Penyelidik Perserikatan Bangsa-Bangsa (PBB) mengatakan negara-negara Barat melanggengkan perang di Yaman selama enam tahun terakhir karena memasok senjata. Mereka juga melanggar hukum internasional.
Di tahun ketiga selama berturut-turut, panel ahli yang ditunjuk PBB menemukan bahwa semua pihak yang terlibat dalam konflik telah melakukan berbagai pelanggaran hak asasi manusia.
Pihak-pihak tersebut termasuk pemerintah Yaman, Houthi yang berpihak pada Iran, Dewan Transisi Selatan yang didukung Emirat, dan koalisi militer yang dipimpin Arab Saudi.
"Yaman tetap menjadi tanah yang tersiksa, dengan rakyatnya yang dirusak dengan cara yang seharusnya mengejutkan hati nurani umat manusia," ujar Ketua Panel, Kamel Jendoubi.
Perang Houthi yang menguasai ibu kota pada 2014 dan koalisi negara-negara Arab untuk menggulingkan pemberontak telah menciptakan sesuatu yang digambarkan PBB sebagai krisis kemanusiaan terburuk di dunia.
Laporan yang mencakup pelanggaran dari Juni 2019 hingga Juni 2020 mendokumentasikan empat serangan udara koalisi atau serangkaian serangan udara.
Mengutip "salah satu serangan udara paling mematikan" tahun ini, panel itu menemukan sekitar 50 warga sipil tewas dan terluka di daerah Al-Hayjah di Provinsi Al-Jawf pada Februari.
Mengutip Al Monitor, laporan itu juga menyebut Amerika Serikat, Kanada, Prancis, Inggris Raya, dan Iran berperan atas "dukungan mereka kepada pihak-pihak yang berkonflik termasuk melalui transfer senjata, sehingga membantu melanggengkan konflik".
ADVERTISEMENT
SCROLL TO CONTINUE WITH CONTENT
Dalam konferensi pers, profesor hukum dari panel tersebut, Ardi Imseis, mengumumkan bahwa Kanada ditambahkan dalam daftar negara karena meningkatnya penjualan senjata tahun lalu.

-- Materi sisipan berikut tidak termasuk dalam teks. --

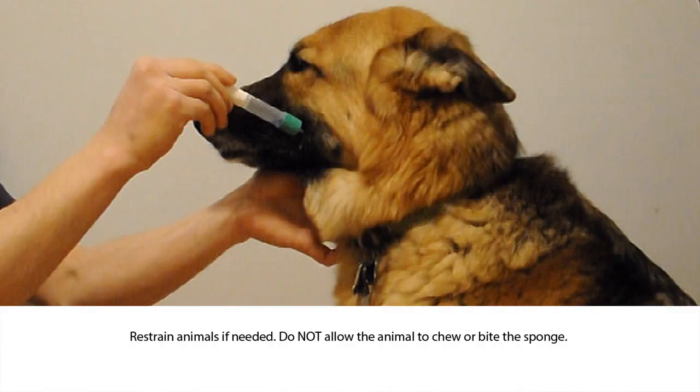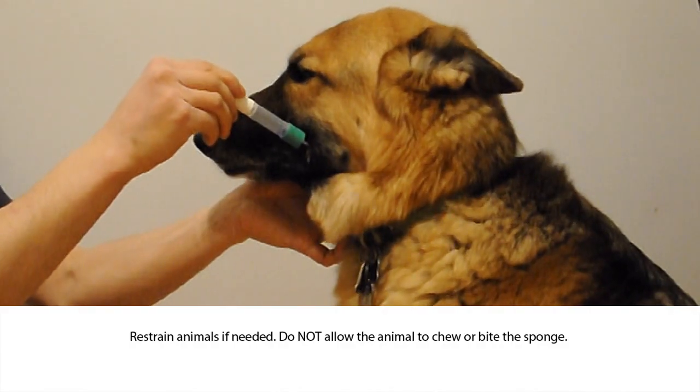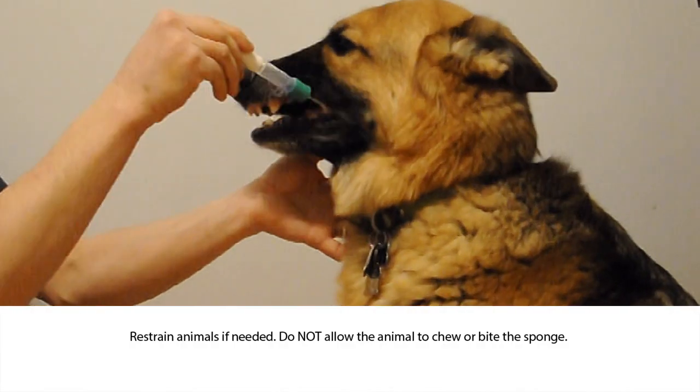For animals older than 6 months, moderate restraint may be required. Do not allow the animal to chew or bite the sponge.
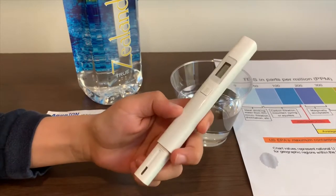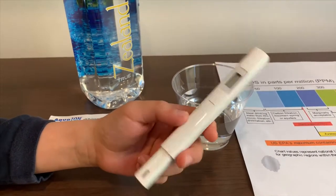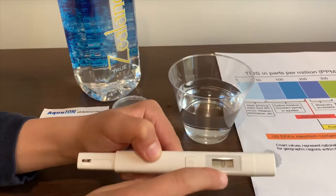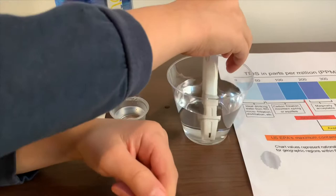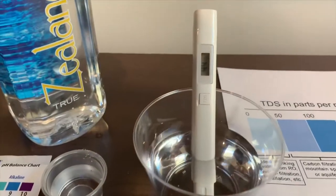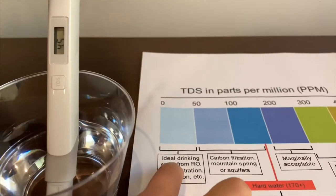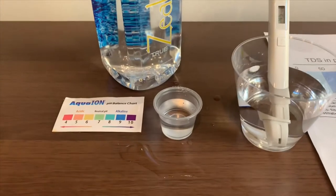If you want to buy this TDS tester, check the link down below. Turn on the TDS tester, make sure it says 0 and put it in. It is 45. That is ideal drinking water.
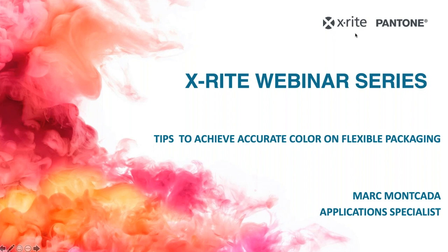So with that, I will turn it over to Mark to get things started. Thank you very much, Robert. Good day, everybody. Today's webinar is focused on how X-Act and X-Act XP can help in a flexible packaging world.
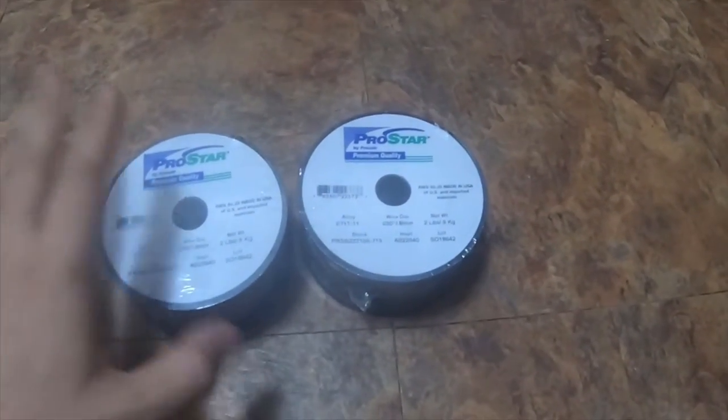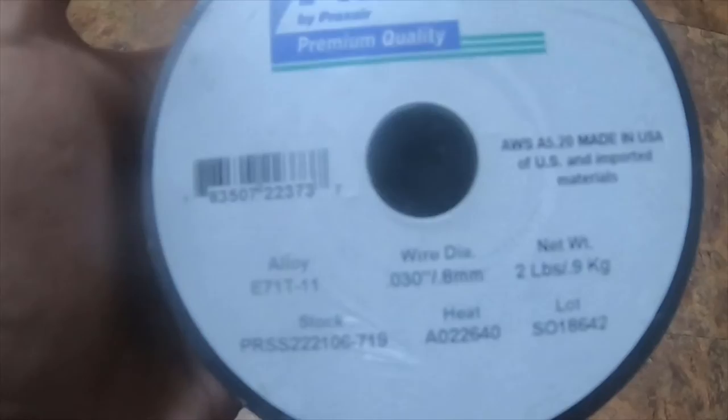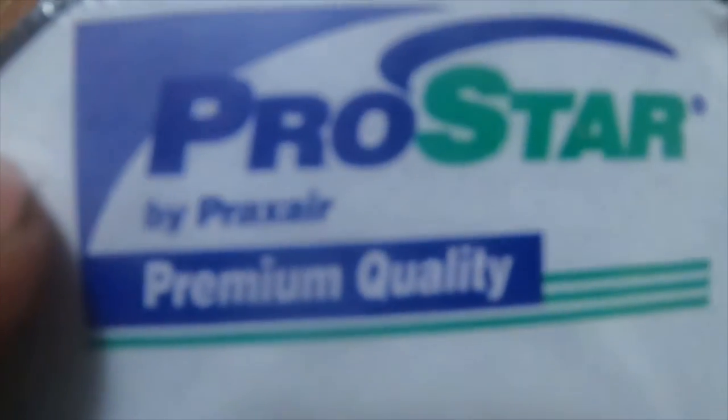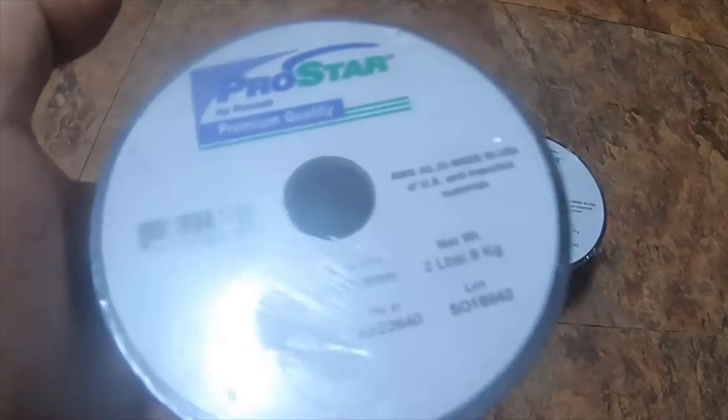A quick little tool haul — I bought two two-pound spools of E71 T-11, 30 thousandths flux core wire. I got it from Prax Air, which is their Pro Star brand. Prax Air is a welding supply store.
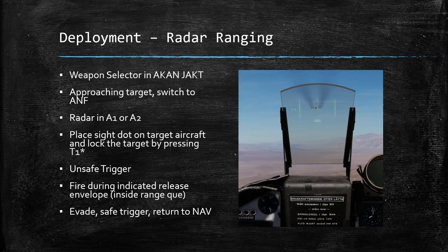For radar ranging deployment: you're going to be in Akan jacked, approach the target and switch into ANF. Your radar needs to be on in the A1 or A2 modes. Place the sight dot on the target aircraft and lock it by pressing T1. On a real Viggen you'd pull the trigger to the first detent, which is the T1 button. Your radar screen is going to turn off, and unlike fixing a target waypoint, you're simply locking with T1. From there, unsafe the trigger, and once your distance line is inside the two outer bars, you're inside the envelope — fire, then evade, safe the trigger, and return to nav.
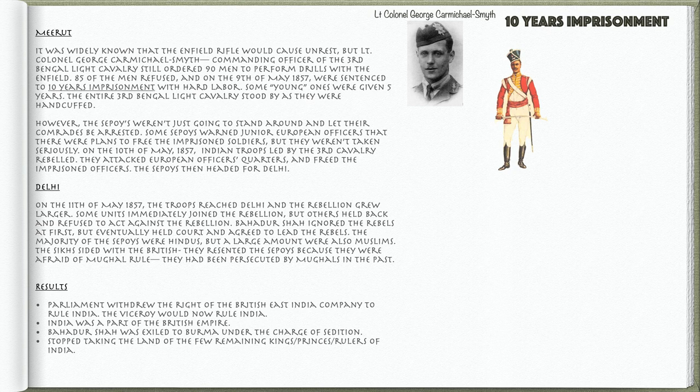On the 10th of May, 1857, Indian troops led by the 3rd Cavalry rebelled. They attacked European officers' quarters and freed the imprisoned soldiers. The Sepoys then headed for Delhi. On the 11th of May, 1857, the troops reached Delhi and the rebellion grew larger. Some units immediately joined the rebellion, but others held back and refused to act against it.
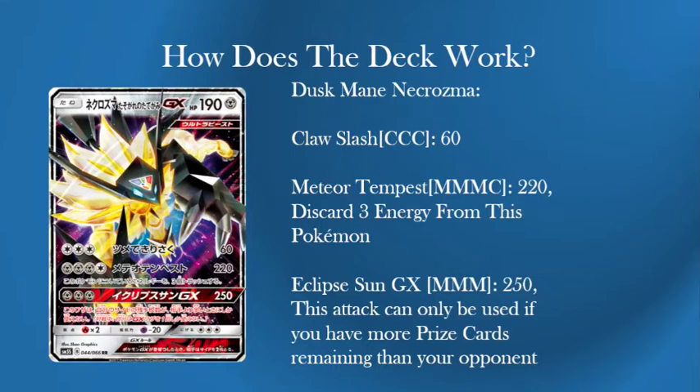The second attack is the main bulk of it — Meteor Tempest. Three Metal Energies and a colourless energy for 220, discarding three energy from this Pokemon. With a Choice Band that goes to 250 and you are hitting everything to death. 250 is a very magic number — it means you can kill anything. 220 even means you're killing Zoroark, Golisopod, a lot of decks instantly with just this attack. You're also discarding the energy off, so even if you are against Gardevoir they can't try to get a Beak attack on you.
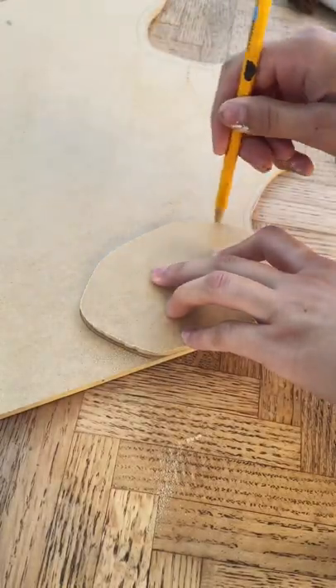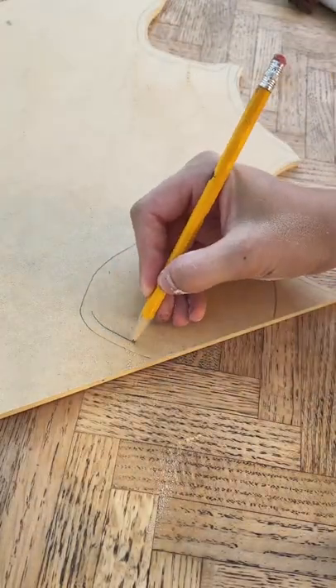I've been seeing a lot of people making mushroom shelves lately and I wanted to share this one I made for my pegboard last summer.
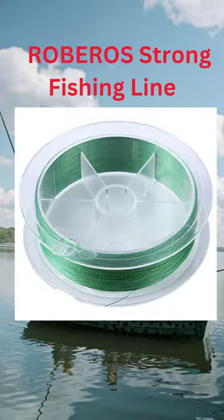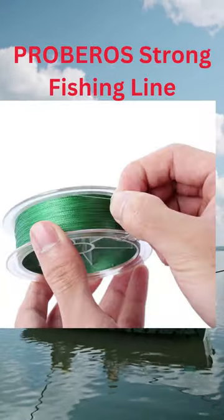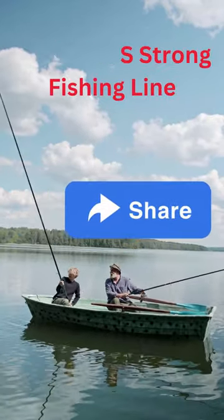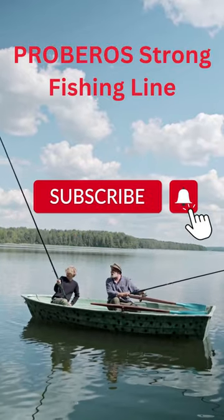If you want to catch a big fish, you should use Ashkenfish. The Proberos Superline is good at making strong knots. You can make a stronger improved clinch knot with it too.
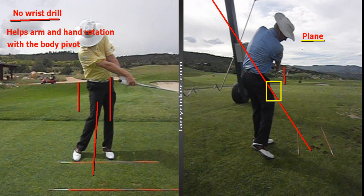Feeling no wrist will help your arms and hands rotate back with your body pivot. Shift your weight forward, then work on your arms and hands rotating with your body turn on the forward swing. This drill can help you out a lot. For more information, visit LarryRinker.com.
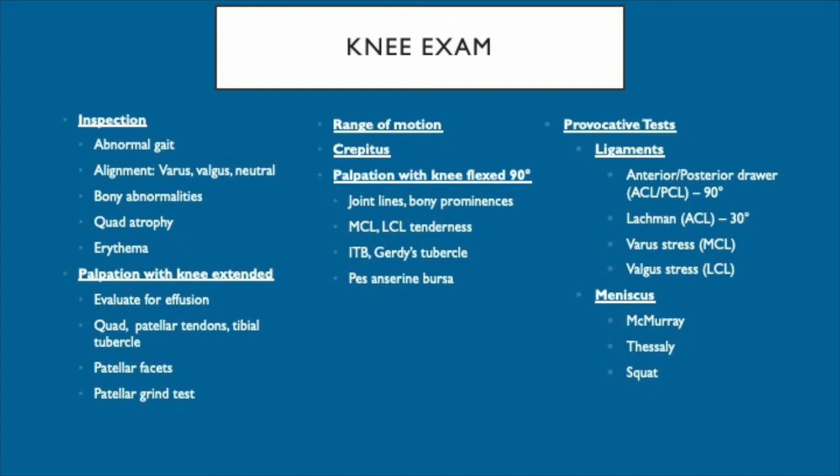The following video will present the essential knee exam for the internist. The best way to master the knee exam is to always perform it in the same order. We will start with inspection or observation and then move on to palpation.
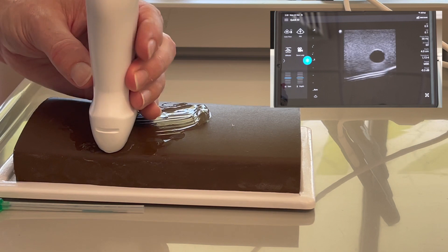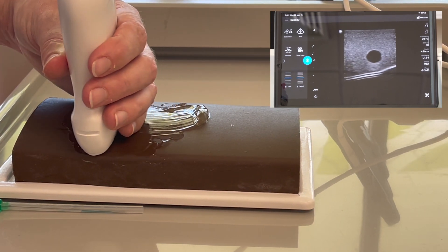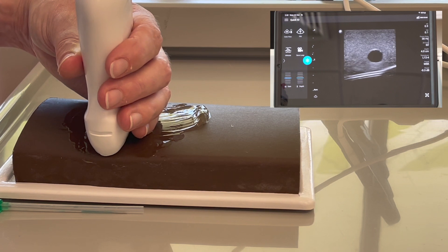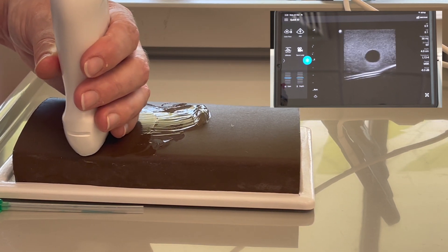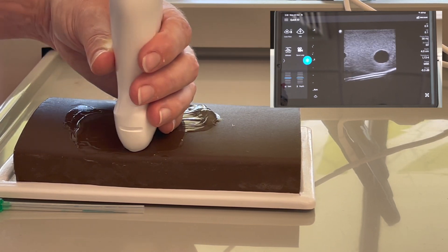When using the ultrasound, you want to make sure you're nice and stable. You've got all points of contact — that would be a hand, an elbow, even your bottom and a chair — so that you're nice and stable and can just do nice, gentle, smooth movements.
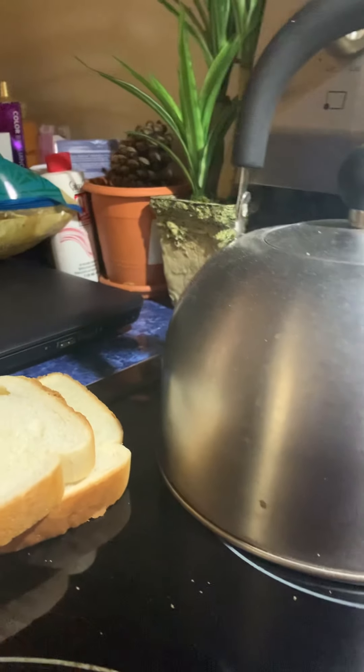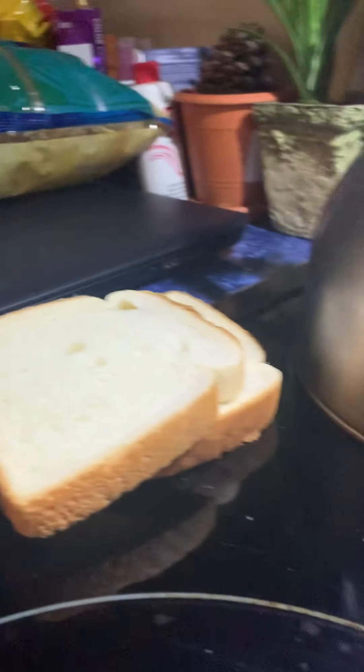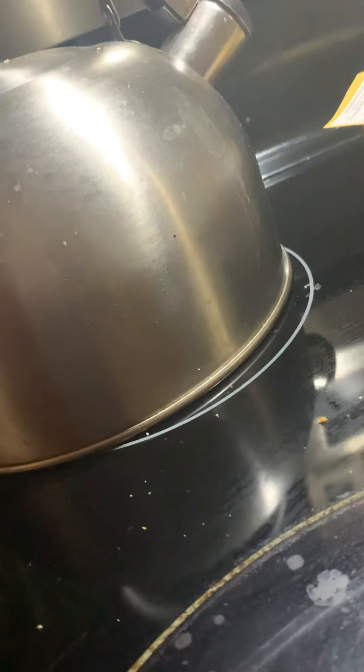Why would bread have — no, my bread has holes. So next, put it in a toaster until it pops out.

Rekaman serangan lintas batas terhadap pasukan Saudi yang dirilis tahun lalu oleh Houthi memperlihatkan kendaraan lapis baja ringan buatan Kanada yang tampaknya sudah rusak.
"Karena itu kami mengulangi seruan kami kepada negara-negara untuk berhenti menyerahkan senjata kepada pihak-pihak yang berkonflik," ujar Imseis.
"Tanggung jawab atas pelanggaran ini terletak pada semua pihak yang berkonflik, yaitu pemerintah Yaman, otoritas de facto (Houthi), Dewan Transisi Selatan dan anggota koalisi, khususnya di Arab Saudi dan Uni Emirat Arab," terang anggota panel lainnya, Melissa Parke, kepada wartawan seperti dilansir Middle East Monitor.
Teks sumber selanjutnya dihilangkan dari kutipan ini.